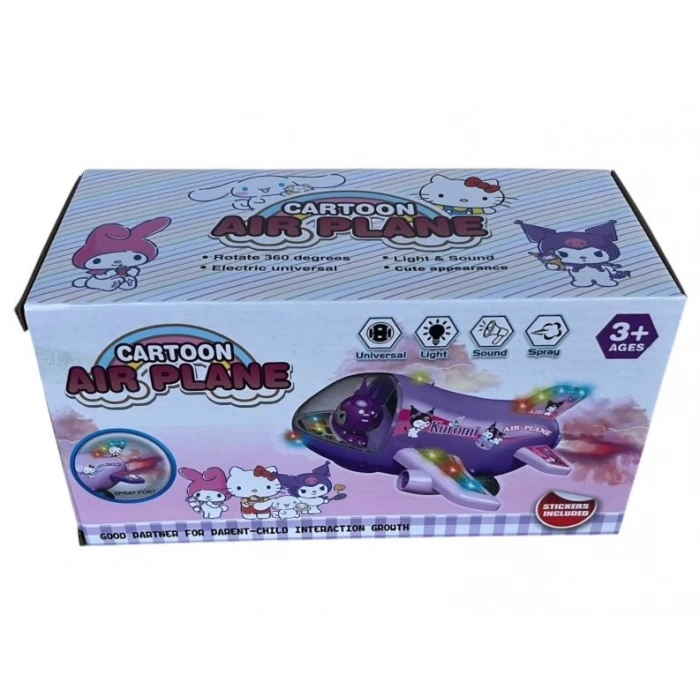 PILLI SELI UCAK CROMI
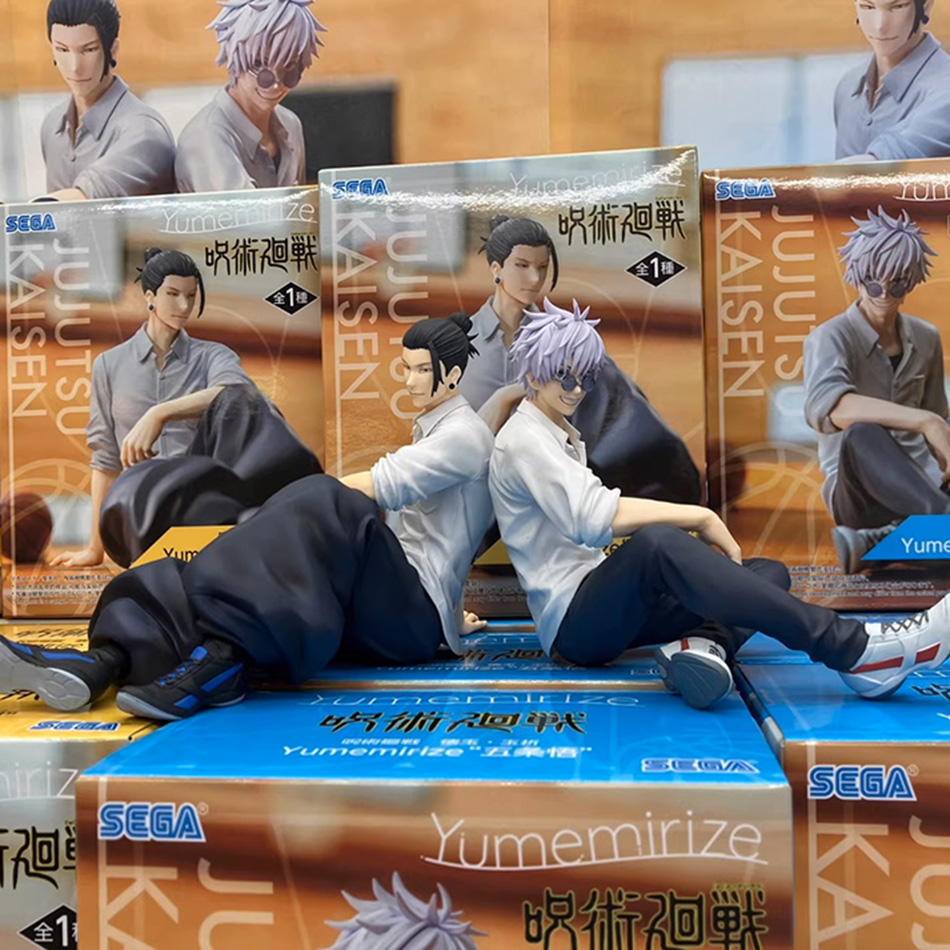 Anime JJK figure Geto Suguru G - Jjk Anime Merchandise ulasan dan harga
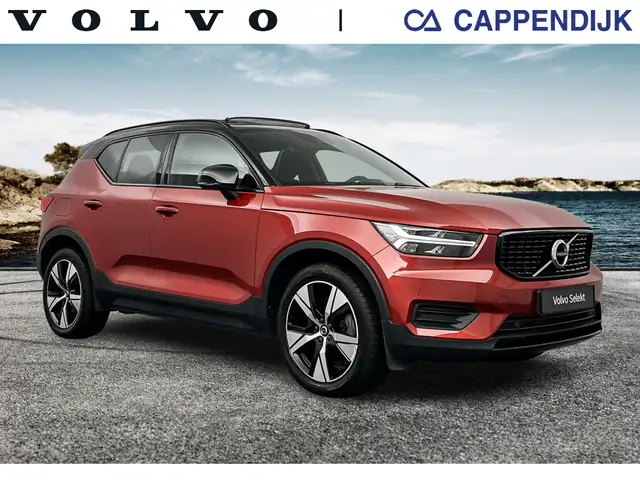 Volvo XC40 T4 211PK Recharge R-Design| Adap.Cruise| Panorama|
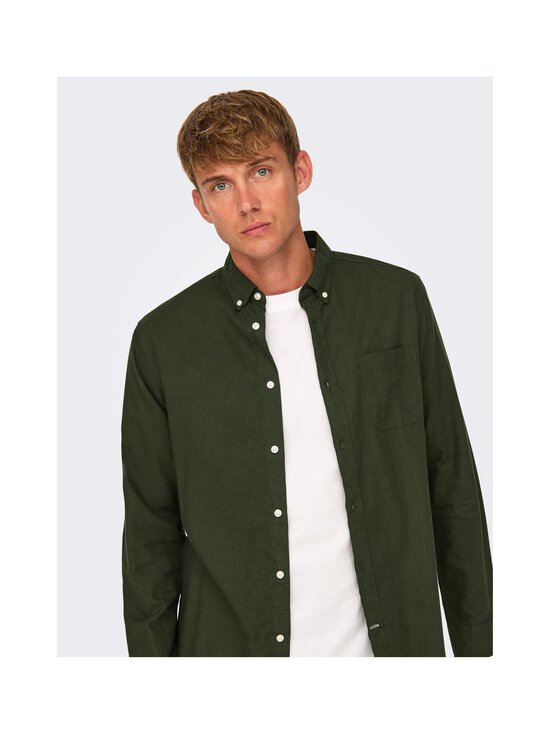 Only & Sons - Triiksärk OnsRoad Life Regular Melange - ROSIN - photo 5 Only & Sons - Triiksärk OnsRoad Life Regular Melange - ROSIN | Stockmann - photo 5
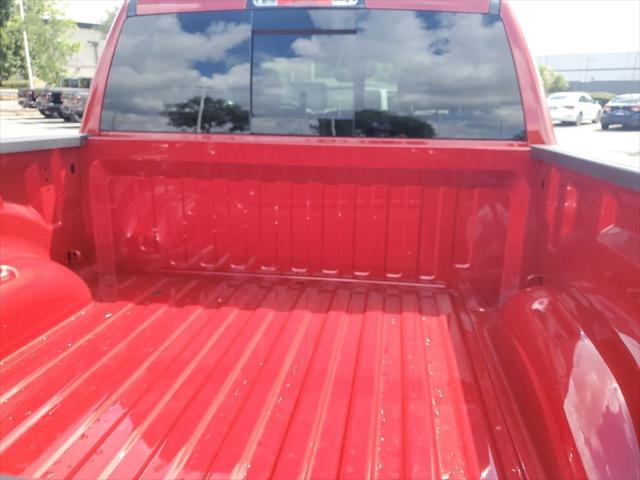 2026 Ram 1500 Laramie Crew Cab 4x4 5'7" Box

--*--

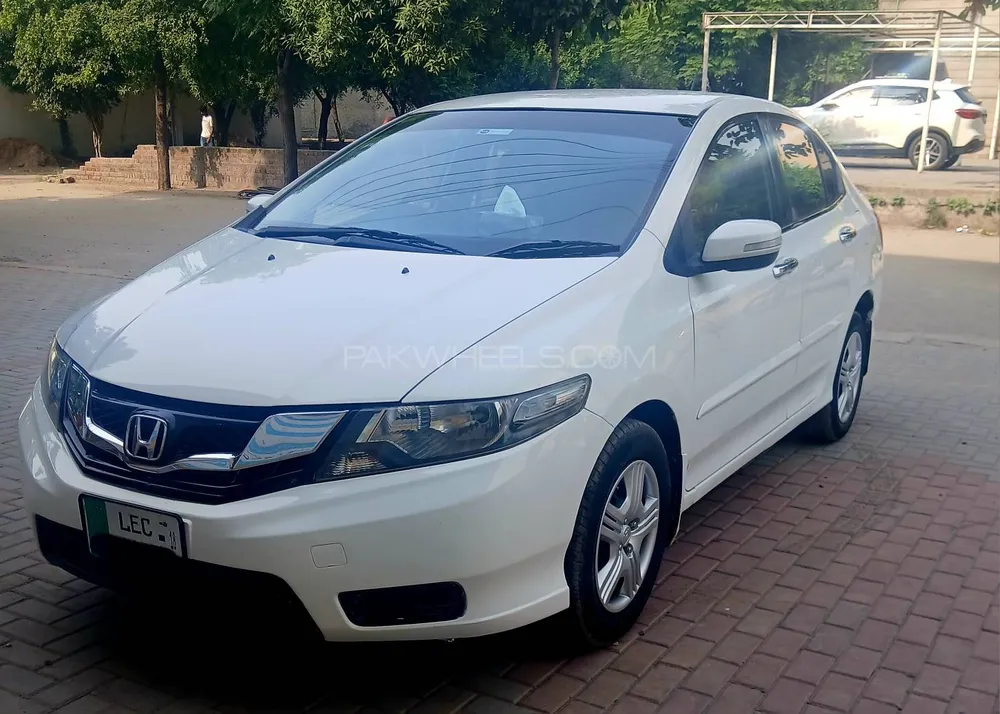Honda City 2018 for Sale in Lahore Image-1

--*--

• _PROBLEM STATEMENT_
Between and including the line with "PILLI SELI UCAK CROMI" and the line with "2026 Ram 1500", repeat every line exactly as it appears above, with pictures left out.

• _TASK OUTPUT_
 PILLI SELI UCAK CROMI
 Anime JJK figure Geto Suguru G - Jjk Anime Merchandise ulasan dan harga
 Volvo XC40 T4 211PK Recharge R-Design| Adap.Cruise| Panorama|
 Only & Sons - Triiksärk OnsRoad Life Regular Melange - ROSIN - photo 5 Only & Sons - Triiksärk OnsRoad Life Regular Melange - ROSIN | Stockmann - photo 5
 2026 Ram 1500 Laramie Crew Cab 4x4 5'7" Box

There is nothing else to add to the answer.